In contrast, human perception relies on a broad range of scene precedents and spatial reasoning to identify anomalies or discordant elements. Research indicates that even if these differences cause DNNs to err from a single viewpoint, human perception can easily recognize misaligned patches or objects in a 3D environment. Inspired by this, we introduce an active perception-based object detection method that actively integrates environmental context and shared scene attributes to address misaligned adversarial patches in 3D real-world settings. By implementing the two key functionalities of active vision, namely perception and motion, our approach consists of two main submodules: the perception model and the strategy model. The perception model continuously refines its understanding of the scene based on current and past observations, while the strategy model derives strategic actions from this understanding to more effectively collect observational data. These modules work in concert, enabling the system to continually enhance its understanding of the scene through active motion and iterative prediction, ultimately mitigating the harmful impact of adversarial patches. The overall framework is illustrated as shown in the figure
An overview of our proposed method

However, designing training for interaction-based models grounded in embodiment presents inherent challenges, as the policy and perception models are interconnected through complex probabilistic environmental dynamics. To address this issue, we adopted a deterministic and differentiable approximation of the environment, thereby bridging the gap between the two submodules and leveraging advancements in supervised learning.

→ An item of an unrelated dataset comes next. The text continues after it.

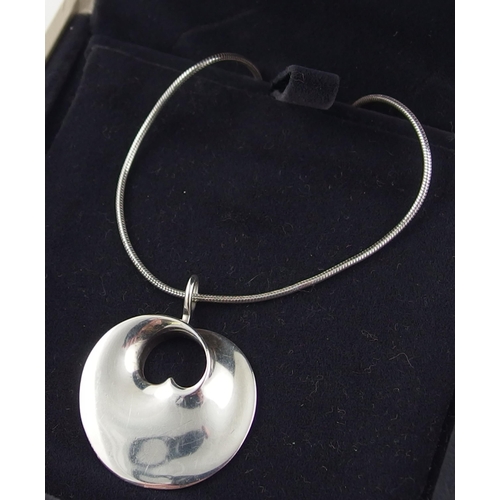 110 - A Georg Jensen silver pendant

Extensive experiments demonstrate that our proactive perception approach to object detection has several clear advantages over typical passive defenses. First, in terms of effectiveness, our method significantly surpasses the state-of-the-art defense mechanisms in defending against adversarial patches, achieving substantial progress in just a few steps. Notably, by providing informative guidance for recognizing target objects in dynamic 3D environments, it not only maintains but even enhances standard accuracy. Second, this design, which does not depend on specific attacks, exhibits excellent generalization capabilities across a wide range of previously unseen adversarial attacks, outperforming the latest defense strategies comprehensively, including patches created by various unseen adversarial attacks. Our contributions are as follows:

  • Model and Strategy Development: We developed a set of perception and decision-making models based on Transformers. These models utilize self-attention mechanisms to process and integrate image data across multiple time points. Through this approach, the model can capture instantaneous changes in the environment while optimizing the decision-making process via active exploration and multi-angle information acquisition, thereby significantly enhancing the system’s defensive capabilities in dynamic adversarial environments.

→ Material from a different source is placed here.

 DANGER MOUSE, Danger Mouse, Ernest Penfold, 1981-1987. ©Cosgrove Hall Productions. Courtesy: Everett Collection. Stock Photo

  • Construction of Differentiable Rendering Environment: Utilizing the latest EG3D model, we constructed a highly realistic differentiable rendering environment that not only supports precise visual outputs but can also simulate near-realistic visual effects. The introduction of this environment allows the model to train and test under conditions that closely resemble actual operations, thereby better adapting to and responding to the complexities of real-world scenarios.

  • Optimization Methods for Adversarial Patches: We propose a new strategy based on Expectation over Transformation (EoT) for optimizing adversarial patches. This method tests the effects of patches under varying physical conditions, enabling the creation of adversarial disturbances with high generalization abilities that demonstrate stronger adaptability and persistence in the physical world.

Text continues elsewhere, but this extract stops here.